What this task involves:
A word-for-word copy of the listing is required, and it must contain no pictures.
(Given information begins)
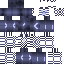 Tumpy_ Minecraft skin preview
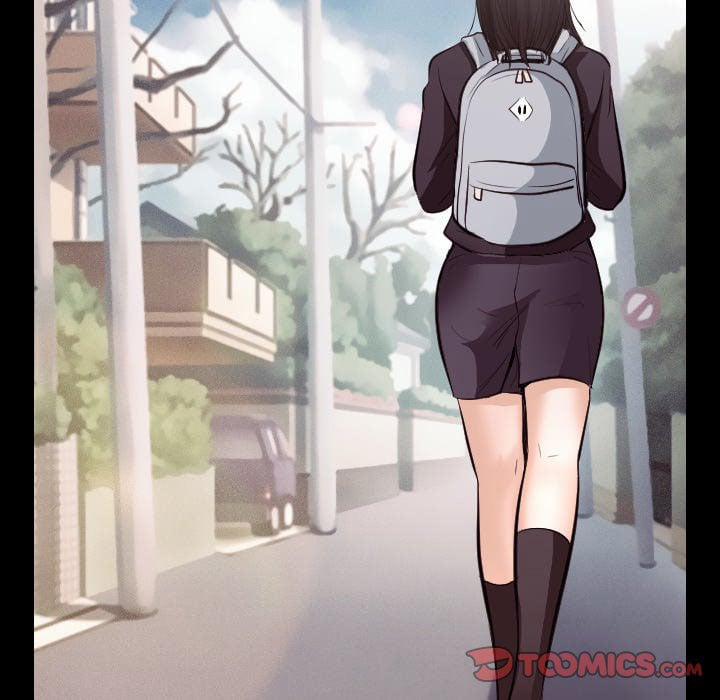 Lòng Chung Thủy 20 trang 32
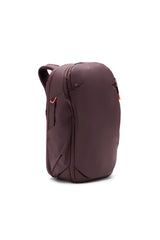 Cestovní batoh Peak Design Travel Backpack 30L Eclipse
(Given information ends)
Response area:
 Tumpy_ Minecraft skin preview
 Lòng Chung Thủy 20 trang 32
 Cestovní batoh Peak Design Travel Backpack 30L Eclipse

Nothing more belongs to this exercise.